Start of Block

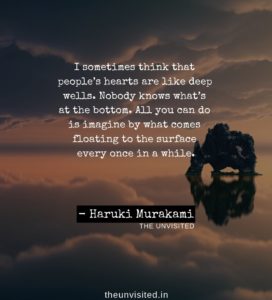 I sometimes think that people’s hearts are like deep wells. Nobody knows what’s at the bottom. All you can do is imagine by what comes floating to the surface every once in a while. HAruki Murakami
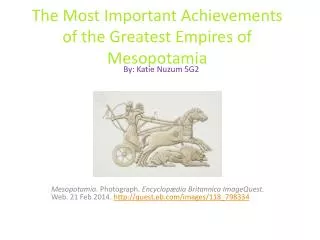 The Most Important Achievements of the Greatest Empires of Mesopotamia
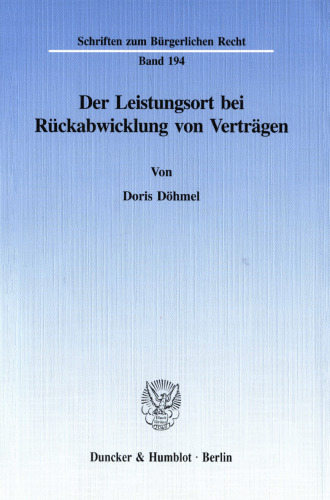 Der Leistungsort bei Rückabwicklung von Verträgen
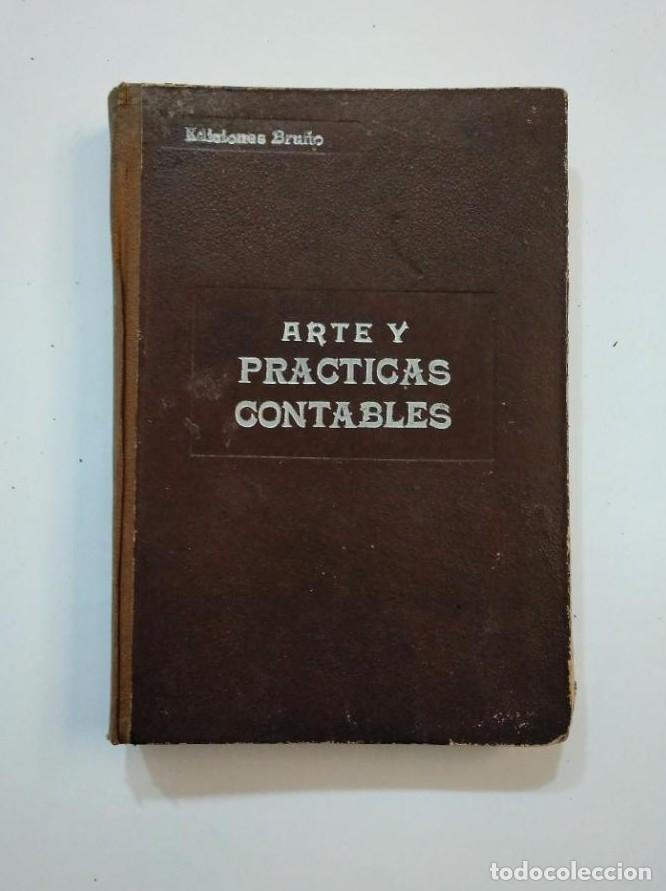 Libros: ARTE Y PRACTICAS CONTABLES. - SISTEMA PARTIDA DOBLE. - EDICIONES BRU&Ntilde;O. TDK374 - - Foto 1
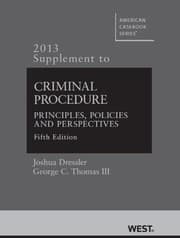 Tapa de Criminal Procedure, Principles, Policies and Perspectives, 2013 Supplement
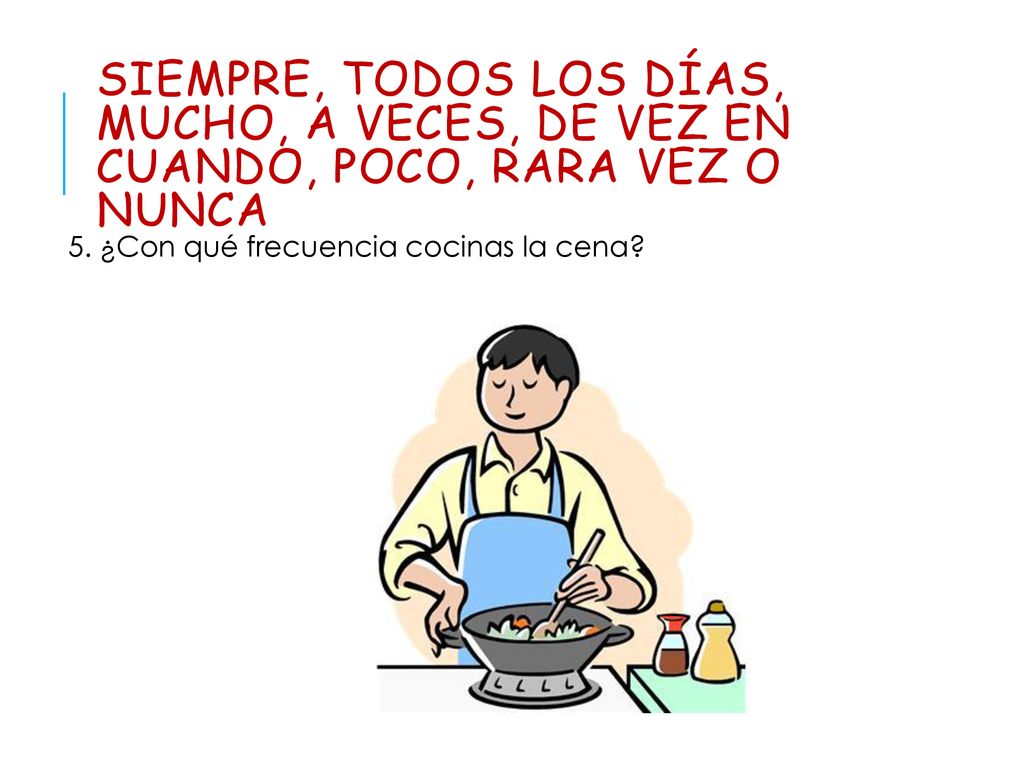 siempre, todos los días, mucho, a veces, de vez en cuando, poco, rara vez o nunca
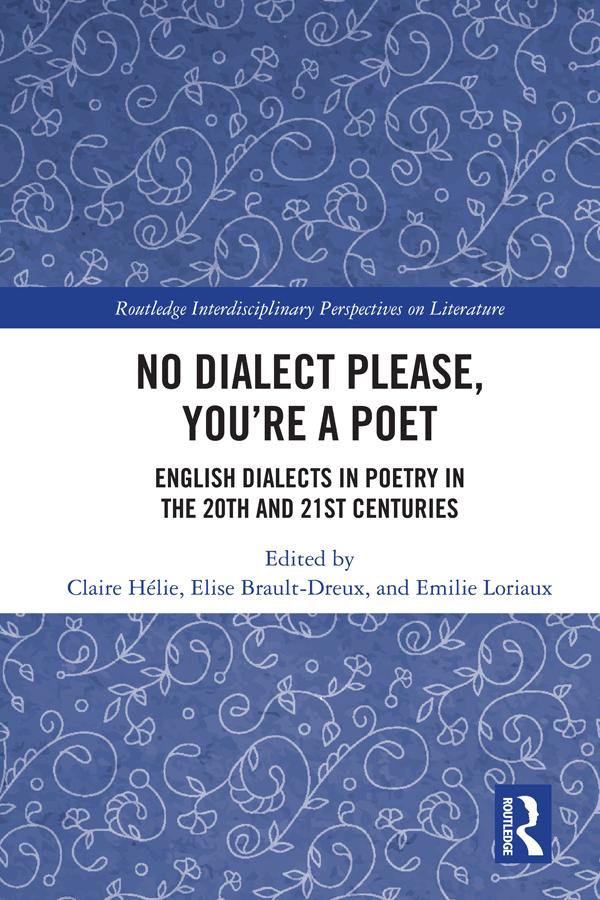 No Dialect Please, You're a Poet by Claire Hélie, Elise Brault-Dreux, Emilie Loriaux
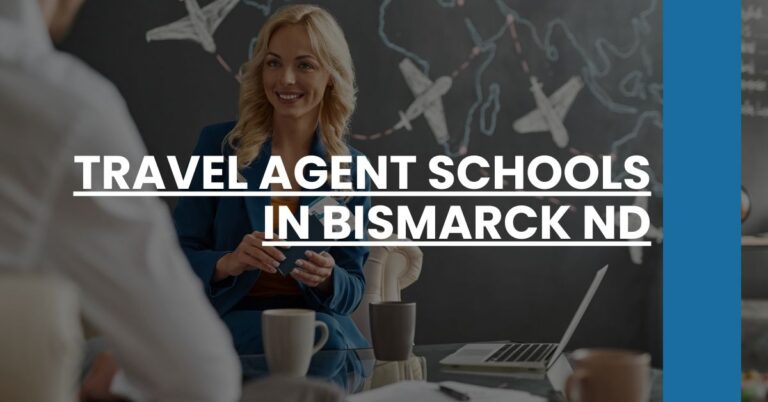 Travel Agent Schools in Bismarck ND Feature Image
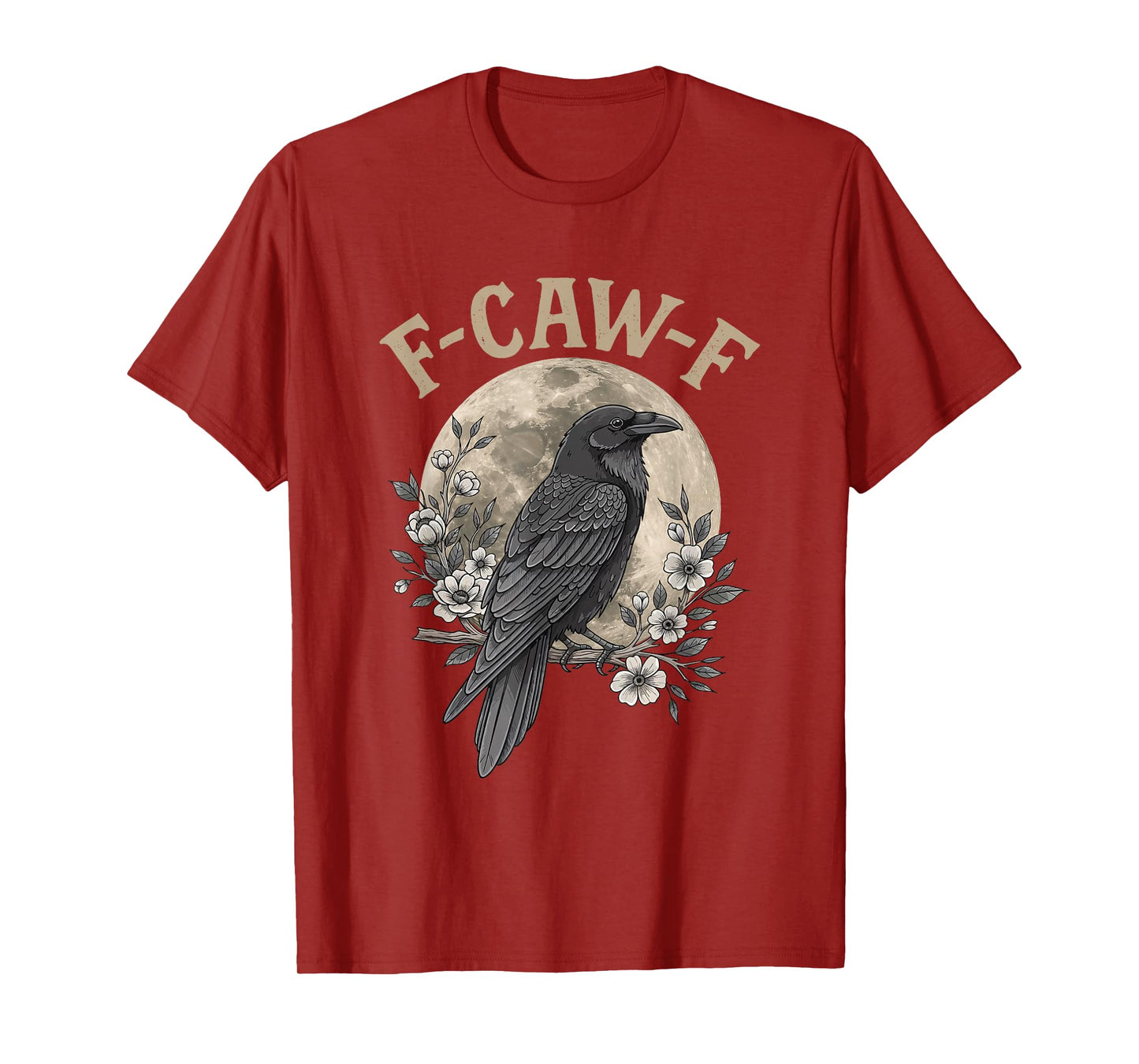 Funny F Caw F Raven Bird Saying Graphic F-Caw-F Black Crow T-Shirt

End of Block

▶ [Task prompt]:
Leave out the pictures and return the listing exactly.

▶ [Reply]:
 I sometimes think that people’s hearts are like deep wells. Nobody knows what’s at the bottom. All you can do is imagine by what comes floating to the surface every once in a while. HAruki Murakami
 The Most Important Achievements of the Greatest Empires of Mesopotamia
 Der Leistungsort bei Rückabwicklung von Verträgen
 Libros: ARTE Y PRACTICAS CONTABLES. - SISTEMA PARTIDA DOBLE. - EDICIONES BRU&Ntilde;O. TDK374 - - Foto 1
 Tapa de Criminal Procedure, Principles, Policies and Perspectives, 2013 Supplement
 siempre, todos los días, mucho, a veces, de vez en cuando, poco, rara vez o nunca
 No Dialect Please, You're a Poet by Claire Hélie, Elise Brault-Dreux, Emilie Loriaux
 Travel Agent Schools in Bismarck ND Feature Image
 Funny F Caw F Raven Bird Saying Graphic F-Caw-F Black Crow T-Shirt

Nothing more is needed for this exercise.